RadioAstronomySoftwareGroup / pyuvsim

A ultra-high precision package for simulating radio interferometers in python on compute clusters.
https://pyuvsim.readthedocs.io/en/latest/
BSD 3-Clause "New" or "Revised" License
43 stars 7 forks source link

Sim Setup Performance Enhancements #410

Closed steven-murray closed 1 year ago

steven-murray commented 1 year ago

Description

This PR adds the following performance-enhancing features in the context of setting up a simulation from config:

  1. Ability to do partial reading of beams (if they are beamfits format), to reduce peak RAM usage. Principally, it adds the ability to specify select: in the telescope YAML file, to which can be added freq_range, az_range and za_range. For instance, if a simulator only requires the beam above the horizon, they may want to set za_range: [0, 95] (where we use 95 so that interpolation to the horizon doesn't quite hit the edge). It also adds the possibility of a select: parameter in the main obsparam file, under the telescope: heading. Here, I've only added one possible parameter to the select: heading, which is freq_buffer. If set, this will pass through its information so that only frequencies from (freq_array.min - buffer, freq_array.max + buffer) are read in (where freq_array is the UVData frequencies). It seems reasonable that only frequencies surrounding those that will actually be simulated should be read in (again, with some buffer to enable interpolation with k>1).
  2. Ability to turn off the checks on the built UVData object (especially the run_check_acceptability which can double peak RAM)
  3. Ability to not reorder the blt axis after initial setup. While pyuvsim requires a re-ordering, other simulators do not, and doing so can triple the peak RAM at setup.
  4. Manually sets the blt_order attribute of the UVData upon setup, which can help simulators know if the blt axis needs to be reordered to suit their purposes.
  5. Adds many INFO-level log-statements throughout the setup. These shouldn't general be shown, but can be switched on by the user in application code. I am open to suggestions on which of these statements are really necessary and whether you'd prefer a different log-level (or different logging mechanism entirely).

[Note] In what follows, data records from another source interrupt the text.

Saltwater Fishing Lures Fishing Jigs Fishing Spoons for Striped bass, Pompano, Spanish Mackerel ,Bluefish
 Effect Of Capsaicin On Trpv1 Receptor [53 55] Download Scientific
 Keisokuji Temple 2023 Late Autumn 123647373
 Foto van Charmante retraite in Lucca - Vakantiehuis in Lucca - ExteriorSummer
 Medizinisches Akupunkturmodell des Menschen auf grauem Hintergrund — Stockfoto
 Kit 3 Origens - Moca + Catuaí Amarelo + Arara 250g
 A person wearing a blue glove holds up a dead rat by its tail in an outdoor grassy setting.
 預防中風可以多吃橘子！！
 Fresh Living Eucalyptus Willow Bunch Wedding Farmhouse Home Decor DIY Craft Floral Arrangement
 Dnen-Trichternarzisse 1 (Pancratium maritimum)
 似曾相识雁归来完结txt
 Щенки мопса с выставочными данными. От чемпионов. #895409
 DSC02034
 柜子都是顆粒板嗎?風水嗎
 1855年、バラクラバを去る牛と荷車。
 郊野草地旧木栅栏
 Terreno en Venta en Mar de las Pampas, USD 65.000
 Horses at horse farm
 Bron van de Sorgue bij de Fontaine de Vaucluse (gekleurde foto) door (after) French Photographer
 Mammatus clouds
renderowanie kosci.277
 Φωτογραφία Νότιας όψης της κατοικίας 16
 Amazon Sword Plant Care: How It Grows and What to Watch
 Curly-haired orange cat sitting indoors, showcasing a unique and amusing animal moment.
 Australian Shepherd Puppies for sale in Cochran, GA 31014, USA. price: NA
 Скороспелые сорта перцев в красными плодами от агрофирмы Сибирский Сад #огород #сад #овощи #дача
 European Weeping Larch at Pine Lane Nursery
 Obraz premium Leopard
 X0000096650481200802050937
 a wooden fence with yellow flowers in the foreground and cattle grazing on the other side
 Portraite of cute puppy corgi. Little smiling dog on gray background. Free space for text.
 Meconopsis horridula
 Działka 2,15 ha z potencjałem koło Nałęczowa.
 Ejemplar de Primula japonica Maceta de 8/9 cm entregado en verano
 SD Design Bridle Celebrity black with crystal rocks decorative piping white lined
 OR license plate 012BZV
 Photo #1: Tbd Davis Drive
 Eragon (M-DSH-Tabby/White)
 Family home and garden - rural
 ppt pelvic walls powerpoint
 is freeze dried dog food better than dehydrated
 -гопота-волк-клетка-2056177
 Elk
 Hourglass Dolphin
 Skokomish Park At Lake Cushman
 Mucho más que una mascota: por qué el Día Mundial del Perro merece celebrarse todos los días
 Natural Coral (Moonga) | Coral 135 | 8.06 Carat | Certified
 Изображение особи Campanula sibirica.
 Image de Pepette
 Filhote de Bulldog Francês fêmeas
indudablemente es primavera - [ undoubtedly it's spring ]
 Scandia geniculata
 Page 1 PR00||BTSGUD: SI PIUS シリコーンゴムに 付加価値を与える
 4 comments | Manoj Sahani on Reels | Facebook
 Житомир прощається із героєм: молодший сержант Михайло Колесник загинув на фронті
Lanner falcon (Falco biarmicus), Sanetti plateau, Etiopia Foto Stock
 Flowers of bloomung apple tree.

NOTE: this PR also pins pyradiosky<0.2, due to API changes in pyradiosky that break unrelated code in pyuvsim (unrelated to this PR, that is). That will be fixed by #417.

Motivation and Context

This PR was developed alongside trying to get the H4C simulations run on GPU (using hera_sim calling vis_gpu). The main concerns here were peak RAM usage and timing performance.

The RAM usage is a particular concern because there is quite a limited amount of RAM available on the host of the GPU nodes (23.75GB). The simulations we're running are reasonably large (1 freq, 17280 times, 8000 baselines, 4 pols), but should easily fit in this amount of RAM. However, there were several problems with the setup that meant that the peak RAM would exceed this amount. This PR significantly reduces this peak RAM (although, in the end I still had to run the simulations in chunks of 5760 times each).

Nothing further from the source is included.